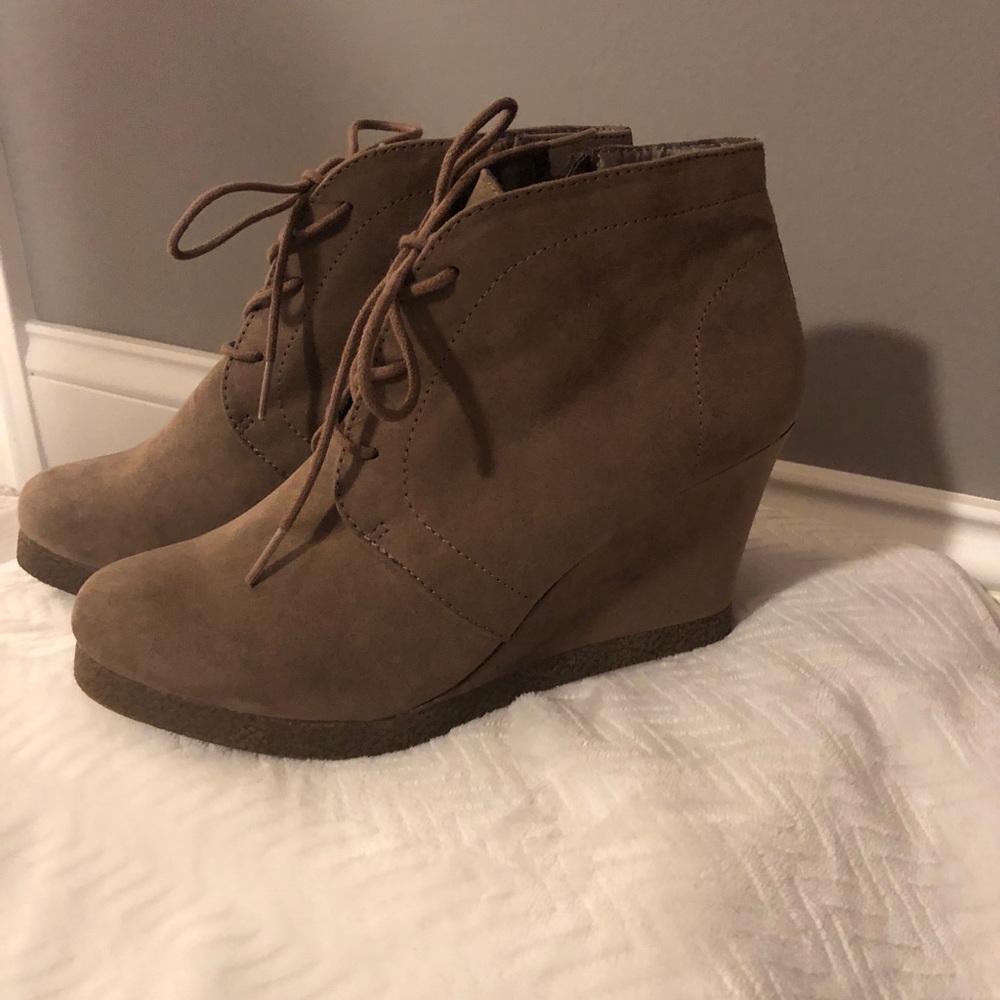 NEW tan suede booties wedge heel
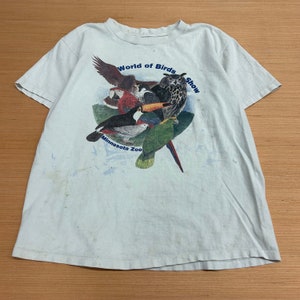T-shirt Le monde des oiseaux du zoo du Minnesota, vintage des années 1990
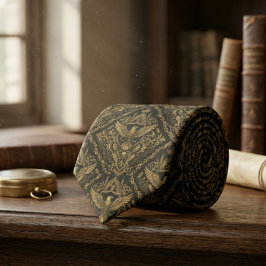 Raven Bird Gothic Pattern – Dark Academia Gift ネクタイ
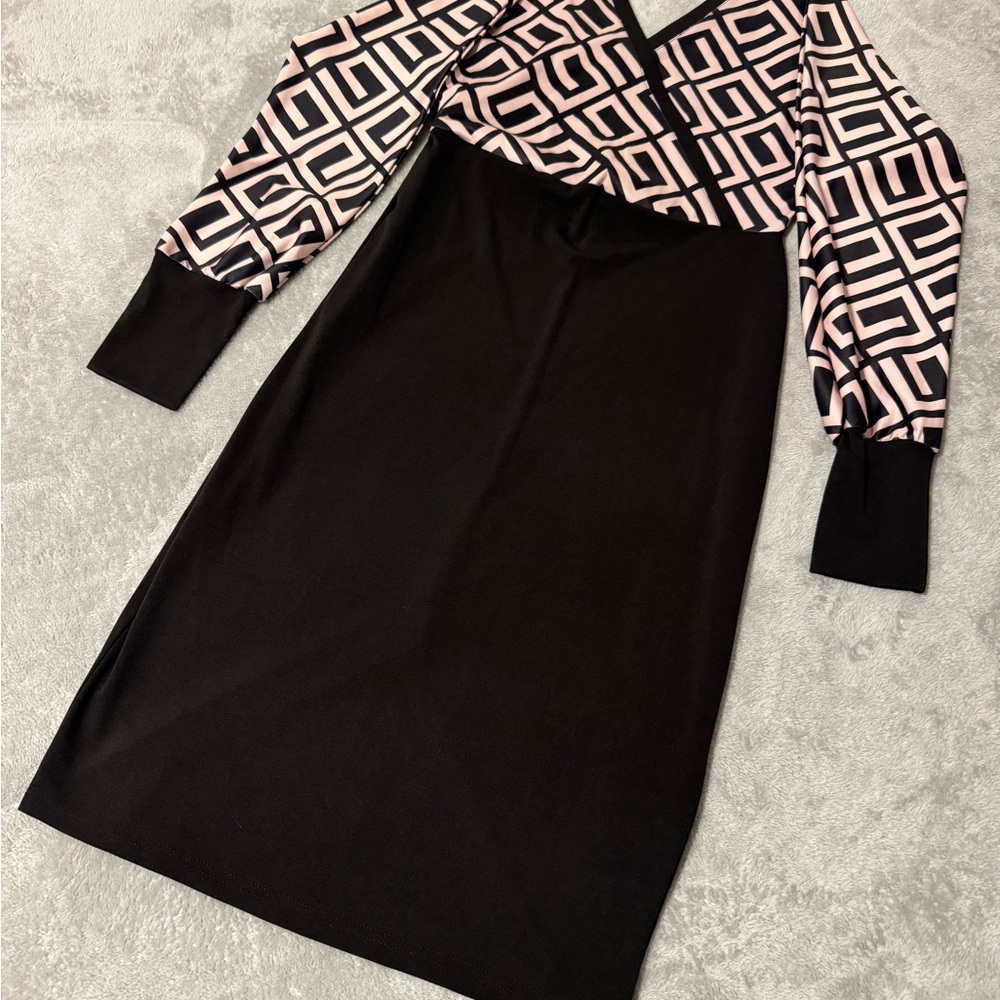 Geometric Patterned Black and Pink Dress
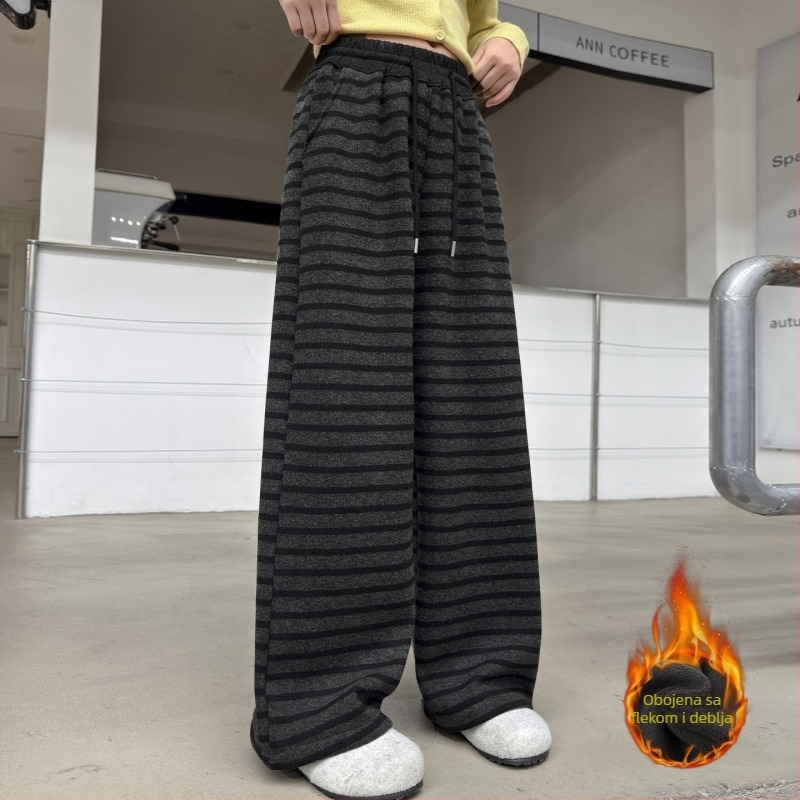Dječje hlače s fleece podstavom, casual stil, srednji struk s elastičnim pojasom, mješavina poliester-pamuk 70% poliester, mekan završni sloj, za djecu 8+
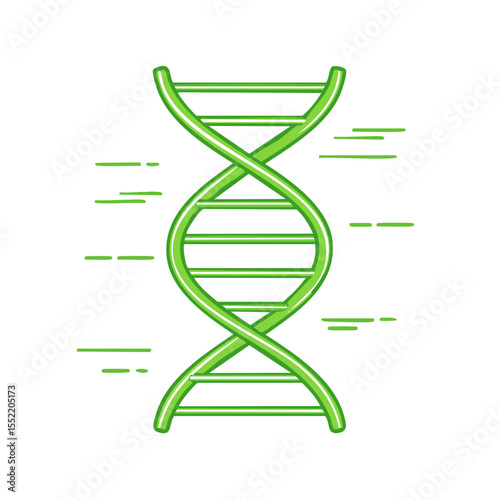 Stylized Green DNA Double Helix Strand Illustration on Black Background Science Genetic Structure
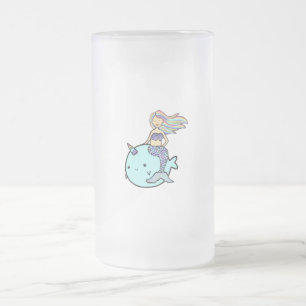 Mermaid with Rainbow Hair Riding Pet Narwal Frosted Glass Beer Mug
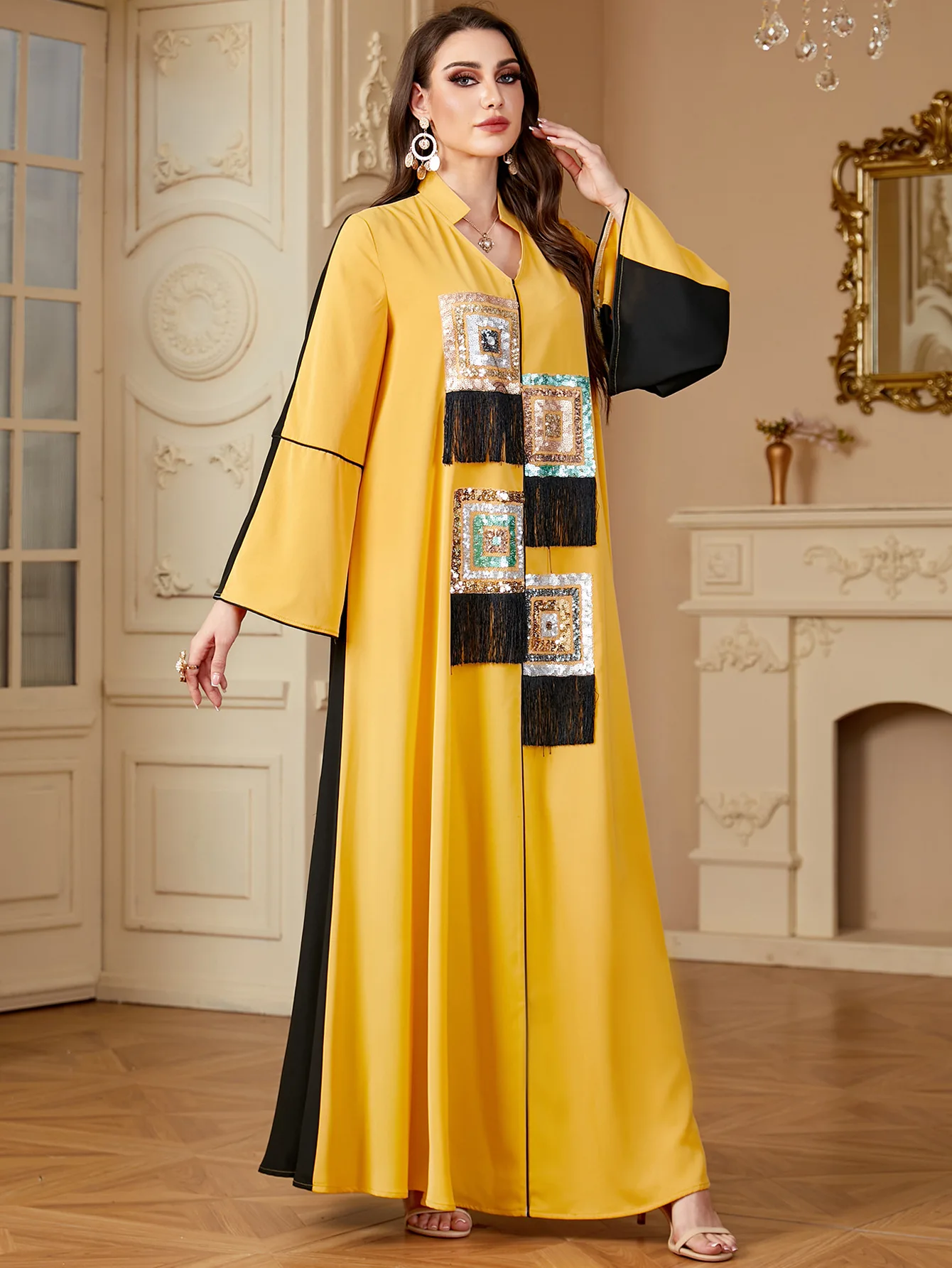 UNI nouvelle mode Robe contrastée Robe Ramadan Robe musulmane longue Abaya moyen-orient vêtements pour femmes Eid arabe robes de soirée musulmanes
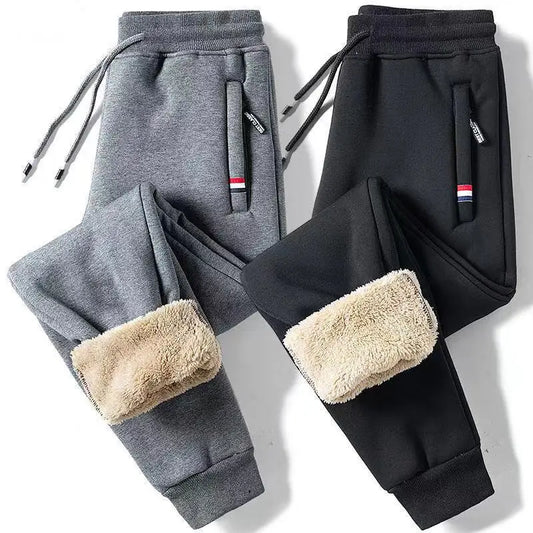 Men's Lambswool Sweatpants Solid Drawstring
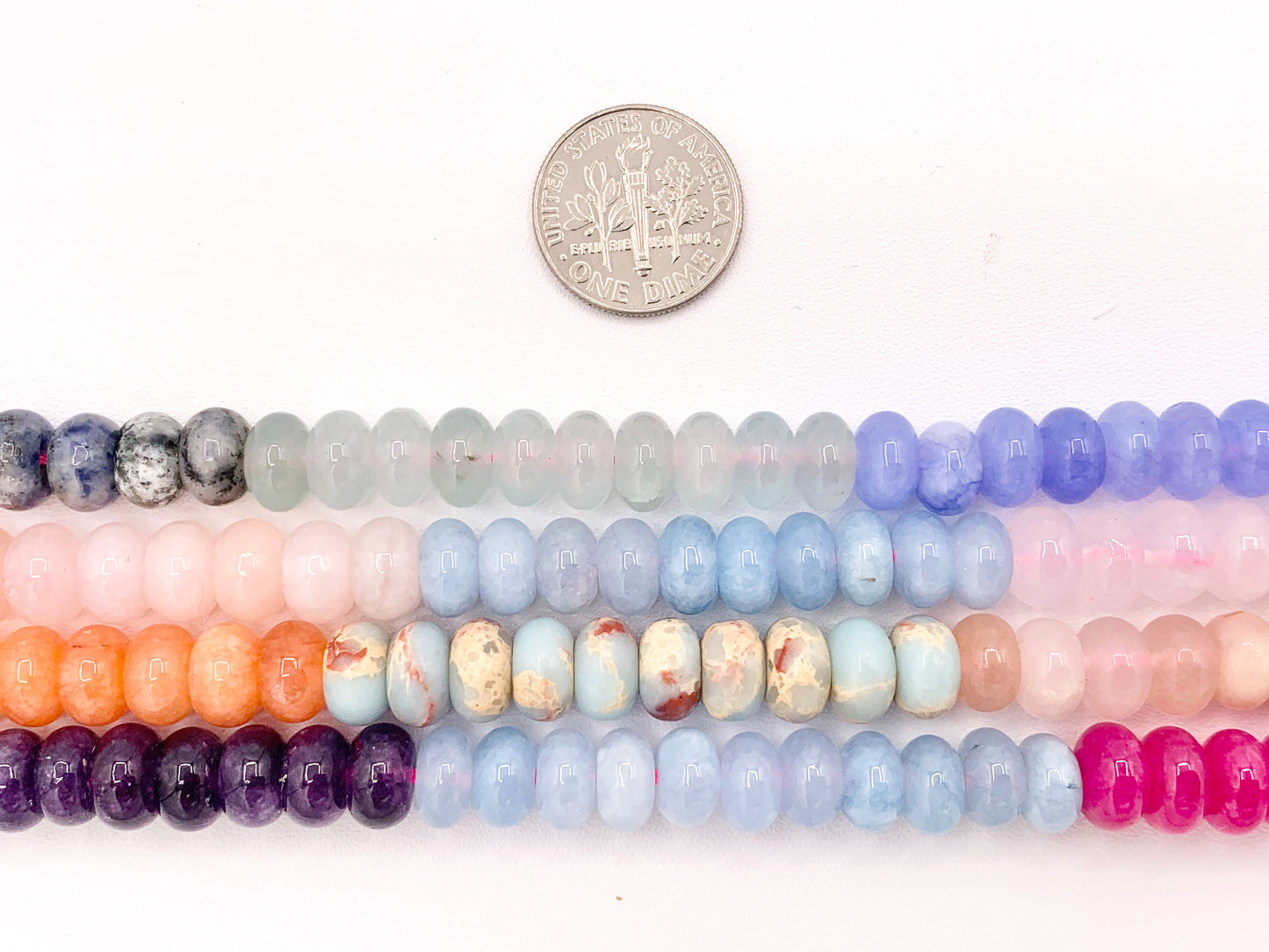 5x8mm Beautiful Mixed Color Quartz Smooth Rondelle Beads | Multicolor Dyed Jade, Jasper And Quartz Beads Natural Stone Beads Around 15"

Activity:
Return each record above as it stands. Pictures stay out.

Answer box:
 NEW tan suede booties wedge heel
T-shirt Le monde des oiseaux du zoo du Minnesota, vintage des années 1990
 Raven Bird Gothic Pattern – Dark Academia Gift ネクタイ
 Geometric Patterned Black and Pink Dress
Dječje hlače s fleece podstavom, casual stil, srednji struk s elastičnim pojasom, mješavina poliester-pamuk 70% poliester, mekan završni sloj, za djecu 8+
 Stylized Green DNA Double Helix Strand Illustration on Black Background Science Genetic Structure
 Mermaid with Rainbow Hair Riding Pet Narwal Frosted Glass Beer Mug
 UNI nouvelle mode Robe contrastée Robe Ramadan Robe musulmane longue Abaya moyen-orient vêtements pour femmes Eid arabe robes de soirée musulmanes
 Men's Lambswool Sweatpants Solid Drawstring
 5x8mm Beautiful Mixed Color Quartz Smooth Rondelle Beads | Multicolor Dyed Jade, Jasper And Quartz Beads Natural Stone Beads Around 15"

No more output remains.